1. STANDING COMMITTEES:
APPOINTMENT OF MAYOR AS MEMBER
The Legal Services Manager reports: "At its meeting on 20 September 1995 the Council resolved to adopt the New Zealand Model Standing Orders 9202:1992, with minor amendments. The former 1989 Model Standing Orders provided that the Mayor was an ex officio member of every committee but was not an ex officio member of a community board. I also understand that in practice it was not intended that the Mayor be an ex officio member of subcommittees. The 1992 Model Standing Orders provide that the Mayor "... may be appointed an ex officio member of any committee in accordance with s.114P of the Local Government Act 1974, but is not entitled to ex officio membership of a community board". It will be apparent that the Mayor, under the new Standing Order, is not automatically a member of Council committees and the Council must resolve that she be appointed a member. If the Council wishes to maintain the traditional approach of the Mayor being a member of all Standing Committees then the following recommendation can be considered. Recommendation: That pursuant to section 114P of the Local Government Act 1974 the Mayor is appointed an ex officio member of all standing committees of the Council." 2. APPOINTMENT OF COMMISSIONERS The Legal Services Manager reports: "At its meeting on 20 September 1995 the Council resolved to appoint the then current Councillors of the Council as commissioners, for the purpose of being members of a hearings panel of not less than three members. The resolution stated that the appointments would expire on 22 December 1995. The purpose of this resolution was to enable resource consent hearings to be held in the period between October and December 1995. It was anticipated that any such hearings would have been concluded by 22 December 1995. It has now become apparent that there are two hearings where decisions will not be issued by the commissioners prior to 22 December 1995. These hearings are: (a) An application by Telecom Mobile Communications Limited for a cell site at 148A Colombo Street; and (b) An application by C J Rowse of 64 The Esplanade for a resource consent for the installation of dormer windows.

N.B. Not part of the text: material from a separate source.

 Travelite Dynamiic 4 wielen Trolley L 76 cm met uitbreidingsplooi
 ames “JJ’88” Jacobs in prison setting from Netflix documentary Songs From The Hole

2 Cont'd With regard to the former, the hearing commenced on 28 November 1995, resumed on 7 December 1995 and will resume again in late January 1996. With regard to the latter, the hearing will be held on 20 December 1995, but it is unlikely that a decision will be issued by 22 December 1995. In respect of both applications there are two commissioners who were formerly City Councillors and who were not re-elected, namely Mr R Arbuckle and Mr A Clark. To enable these hearings to conclude it is necessary to appoint all the persons involved as commissioners until the hearings have been concluded and a decision issued by those commissioners. Recommendation: 1. That, pursuant to section 34(3) of the Resource Management Act 1991, the Council appoint Mrs M Murray, Mr D O'Rourke and Mr R Arbuckle as commissioners for the purpose of hearing the application by Telecom Mobile Communications Limited for a cell site at 148A Colombo Street, Christchurch. 2. That, pursuant to section 34(3) of the Resource Management Act 1991, the Council appoint Mr A Clark, Mr N Dodge and Mr C Manning as commissioners for the purpose of hearing an application by C J Rowse for the installation of dormer windows at 64 The Esplanade, Sumner. 3. That the term of appointment of the commissioners in recommendations 1 and 2 expire upon decisions being issued by the commissioners, or if there is any appeal to the Planning Tribunal, upon any decision being issued by the Planning Tribunal. 4. That, pursuant to section 34(3) of the Resource Management Act 1991, the Council delegate to the commissioners described in recommendations 1 and 2 above, the powers: (a) To hear and make decisions on the respective applications; (b) To make any orders required for the protection of sensitive information during the course of a hearing pursuant to section 42 of the Resource Management Act 1991; (c) To consider and resolve any consent orders requested in respect of any proceedings before the Planning Tribunal. 5. These recommendations shall commence on 23 December 1995."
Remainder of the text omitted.